====== Given records
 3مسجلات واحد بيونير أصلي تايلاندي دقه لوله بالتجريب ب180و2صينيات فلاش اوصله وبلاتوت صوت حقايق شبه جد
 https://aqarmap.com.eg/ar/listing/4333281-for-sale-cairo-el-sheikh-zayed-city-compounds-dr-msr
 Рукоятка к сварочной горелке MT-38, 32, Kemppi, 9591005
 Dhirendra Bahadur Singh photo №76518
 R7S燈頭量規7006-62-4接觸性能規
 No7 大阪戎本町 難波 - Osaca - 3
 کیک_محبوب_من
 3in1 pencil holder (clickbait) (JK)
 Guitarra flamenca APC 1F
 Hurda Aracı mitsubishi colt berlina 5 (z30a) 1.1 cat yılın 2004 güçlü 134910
============
====== Given records
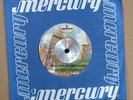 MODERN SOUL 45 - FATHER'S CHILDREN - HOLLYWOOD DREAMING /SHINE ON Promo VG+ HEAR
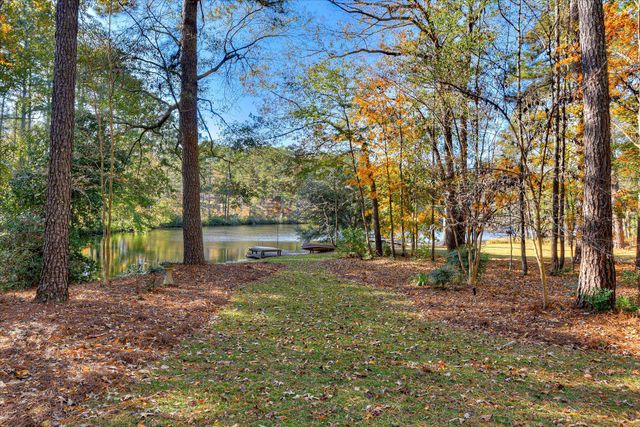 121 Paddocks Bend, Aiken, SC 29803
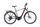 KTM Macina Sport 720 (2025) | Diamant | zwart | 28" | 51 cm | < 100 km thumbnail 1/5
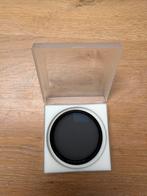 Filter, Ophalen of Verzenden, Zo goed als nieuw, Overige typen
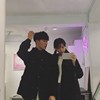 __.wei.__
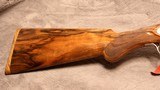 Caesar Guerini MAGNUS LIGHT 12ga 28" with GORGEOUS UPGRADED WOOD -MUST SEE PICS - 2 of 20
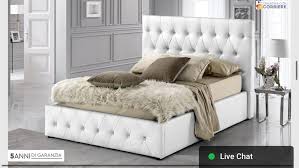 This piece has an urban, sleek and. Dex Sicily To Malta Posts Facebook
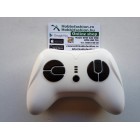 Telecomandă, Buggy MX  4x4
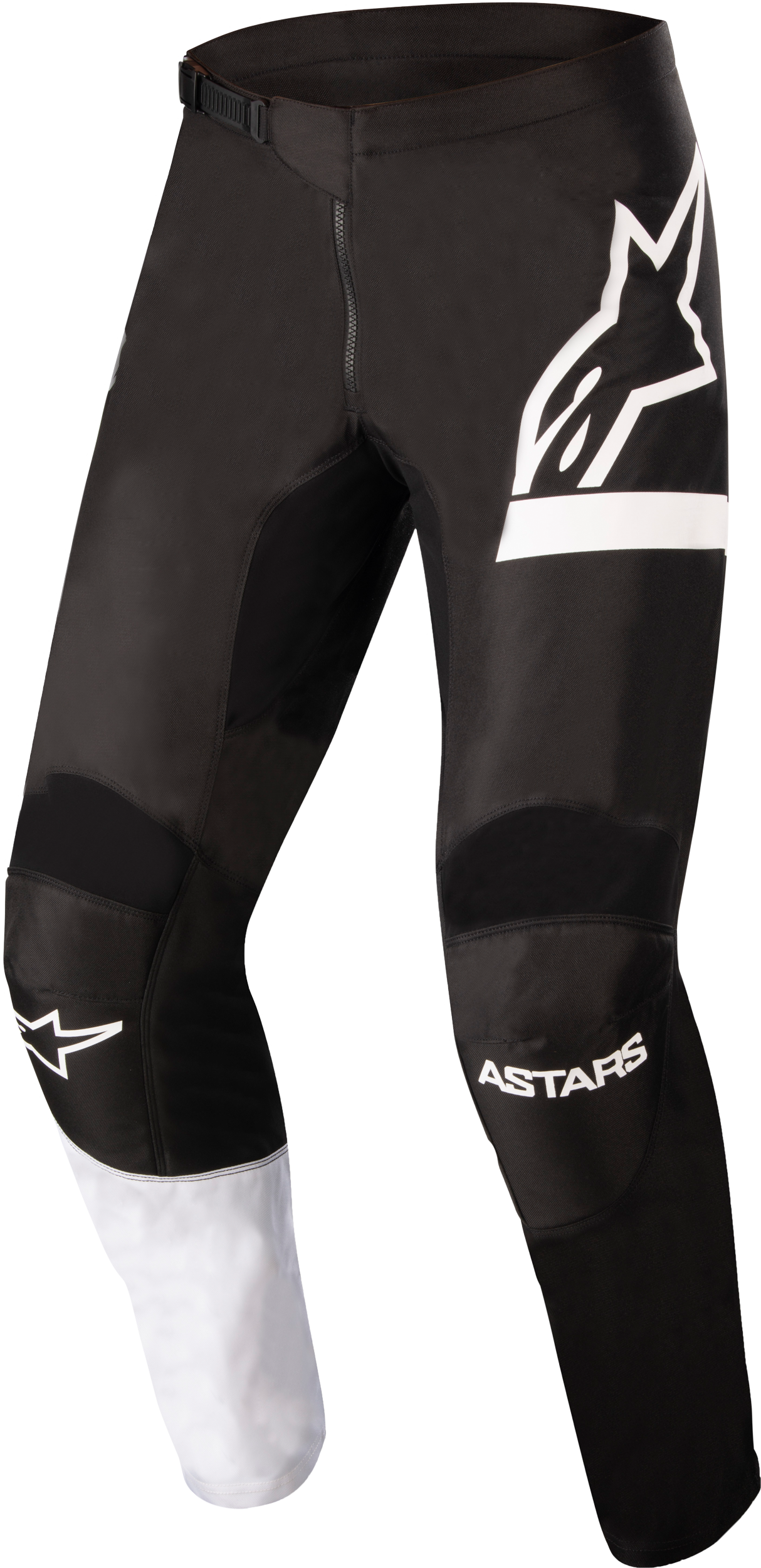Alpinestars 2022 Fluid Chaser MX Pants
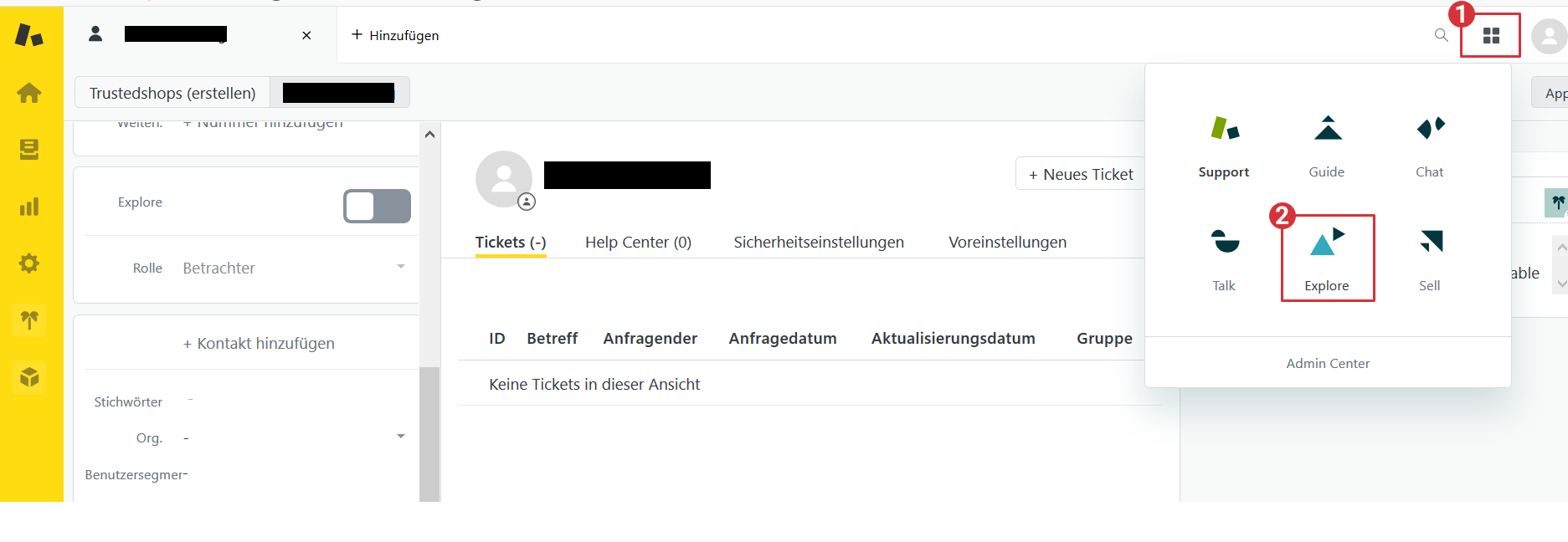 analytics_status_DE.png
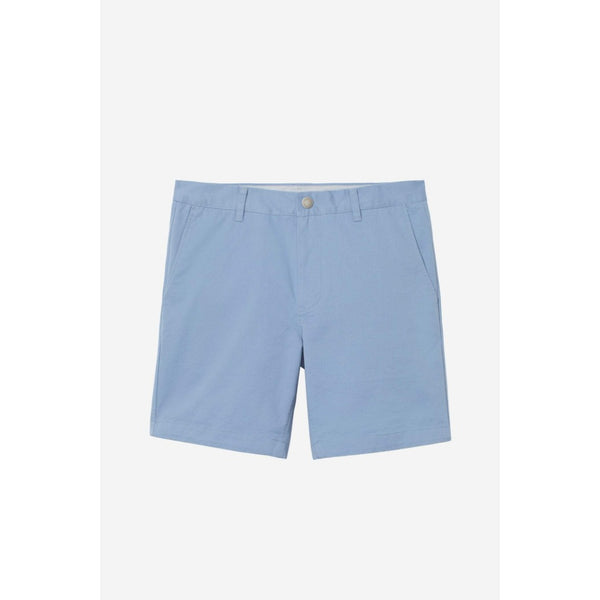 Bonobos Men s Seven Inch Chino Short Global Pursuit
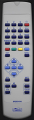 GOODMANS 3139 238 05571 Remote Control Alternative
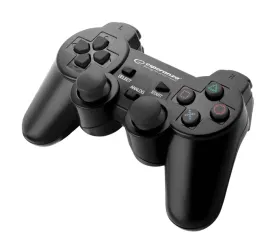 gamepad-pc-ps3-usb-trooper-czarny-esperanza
============
Give back exactly the lines above, from the line containing "3in1 pencil holder (clickbait) (JK)" through the line containing "Hurda Aracı mitsubishi", with both end lines and nothing more.

 3in1 pencil holder (clickbait) (JK)
 Guitarra flamenca APC 1F
 Hurda Aracı mitsubishi colt berlina 5 (z30a) 1.1 cat yılın 2004 güçlü 134910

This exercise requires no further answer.